In the U.S., RTD volume sales are expected to grow at a CAGR of 3% between 2023 and 2028, with “hard tea, FABs [flavored alcoholic beverages] and cocktails/long drinks” expected to be the strongest volume drivers, even as overall growth of the segment slows and new innovation becomes less important to the set.

“While the pace of innovation has tailed off, volumes continue to grow as we see less reliance on innovation to drive performance, and consumers wanting to minimise risk on new products they do not know,” Susie Goldspink, Head of RTD Insights, IWSR, said in a statement announcing the report last year. “At the same time, effective flavour options and variety packs are helping to sustain growth in many markets, especially among younger consumers – and innovation remains key to engaging with this age cohort.”

Citing NielsenIQ data for the 52-weeks ending December 28, 2024, Brian Krueger, VP business development and portfolio strategy at Bump Williams Consulting, said that RTD cocktails grew 19.5% last year, while ready-to-serve drinks were up 8% – rising a total of $411 million to over $2.5 billion in retail sales in xAOC, liquor and convenience. That mounted up to a 1.3 point gain in market share of the total alcohol market, drawing primarily from whiskey (0.7 points) and vodka (0.6 points).

But does this segment pose any real threat for mixers?

While consumers are certainly slowing down their drinking – particularly beer – Bump Williams Consulting president Dave Williams said that the decline is not as dramatic as it’s sometimes been portrayed but rather what we’re experiencing is “more about shifting around what people are drinking.”

“I certainly think some of that ties into mixers because traditional spirits were sort of emerging as the winner in this beverage alcohol battle,” Williams said. “What we’ve been seeing recently, though, is that shift in how a lot of these consumers – whether they’re traditional spirits drinkers or whether they’re beer drinkers shifting into spirits – are going after more of these ready-to-drink and, to a lesser extent, ready-to-serve type options.”

While premium mixer brands acknowledge the competition from RTDs, they feel strongly that in the end quality will win out over a slightly more convenient form factor.

According to Frost, Q recently completed a source of volume study which found that the mixer brand was actually taking consumers away from RTD cocktails, and suggested that some people may be introduced to cocktail culture through the convenient canned products but later become interested in mixing their own drinks at home.

“I think what you’ll start to find is you don’t get the full quality, or the most robust or full experience, in ready-to-drink,” she said. “There will be a moment where people come back and they’re like ‘Oh, my God, it’s not that hard to make my own. It’s just two steps, or it’s just three steps, and the experience I get is so much better.’”
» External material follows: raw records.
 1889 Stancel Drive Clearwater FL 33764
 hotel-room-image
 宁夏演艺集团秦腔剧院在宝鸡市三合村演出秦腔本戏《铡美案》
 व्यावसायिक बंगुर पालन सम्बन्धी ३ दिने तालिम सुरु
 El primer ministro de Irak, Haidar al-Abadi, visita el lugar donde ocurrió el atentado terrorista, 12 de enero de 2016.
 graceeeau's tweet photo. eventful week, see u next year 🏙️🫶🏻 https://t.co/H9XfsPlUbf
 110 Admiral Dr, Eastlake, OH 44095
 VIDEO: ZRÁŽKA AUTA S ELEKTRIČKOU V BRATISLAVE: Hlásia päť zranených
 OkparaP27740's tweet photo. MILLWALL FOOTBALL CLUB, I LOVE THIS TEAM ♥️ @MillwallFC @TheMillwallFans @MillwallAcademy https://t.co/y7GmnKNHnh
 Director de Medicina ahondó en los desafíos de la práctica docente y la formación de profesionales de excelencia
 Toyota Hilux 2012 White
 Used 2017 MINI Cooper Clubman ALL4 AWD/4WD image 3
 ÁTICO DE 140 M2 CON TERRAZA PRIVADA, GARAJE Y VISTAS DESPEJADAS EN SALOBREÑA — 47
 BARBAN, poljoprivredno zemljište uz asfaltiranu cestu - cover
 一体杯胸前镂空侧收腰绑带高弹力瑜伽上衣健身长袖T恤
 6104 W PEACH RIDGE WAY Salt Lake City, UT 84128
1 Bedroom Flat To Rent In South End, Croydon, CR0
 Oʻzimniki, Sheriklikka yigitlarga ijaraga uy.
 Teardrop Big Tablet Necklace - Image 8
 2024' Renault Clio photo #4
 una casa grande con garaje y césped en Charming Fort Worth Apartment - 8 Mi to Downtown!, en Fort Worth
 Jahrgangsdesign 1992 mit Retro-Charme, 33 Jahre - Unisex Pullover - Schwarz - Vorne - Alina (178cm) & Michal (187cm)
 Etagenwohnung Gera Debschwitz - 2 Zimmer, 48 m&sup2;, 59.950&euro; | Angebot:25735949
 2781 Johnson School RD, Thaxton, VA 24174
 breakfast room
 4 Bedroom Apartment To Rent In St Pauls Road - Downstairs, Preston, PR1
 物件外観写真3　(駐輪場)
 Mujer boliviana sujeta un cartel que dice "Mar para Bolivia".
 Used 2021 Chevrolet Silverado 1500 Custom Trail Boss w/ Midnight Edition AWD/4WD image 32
At Fever-Tree, Gibb said that data shows alcohol RTDs primarily source volume “first from beer, second from wine and third from spirits,” retaining an edge for mixers, even as the convenience factor means it’s “definitely a factor that’s out there” when it comes to evolving habits, but it’s not yet a “major” factor for the brand.

“They’re having an effect on the market, there’s no doubt about that, because everybody’s very excited about them,” Gibb said. “They’re taking up an awful lot of space in retail. They’re taking a lot of focus in retail. But again, when you look at the brands that are really working, there’s really only one or two in each of those categories, and everything else is very small by comparison.”

Williams concurred that alcoholic RTDs are “certainly seeing more adds than deletes” in retail, but the slowdown in innovation has meant retailers are able to prioritize higher performing brands.

And although spirits like whiskey and vodka may be losing share, tequila continues to rise and top brands like Tito’s are holding steady, with vodka overall still performing well, he added – which presents one possible path forward for mixer brands when it comes to sorting their priorities.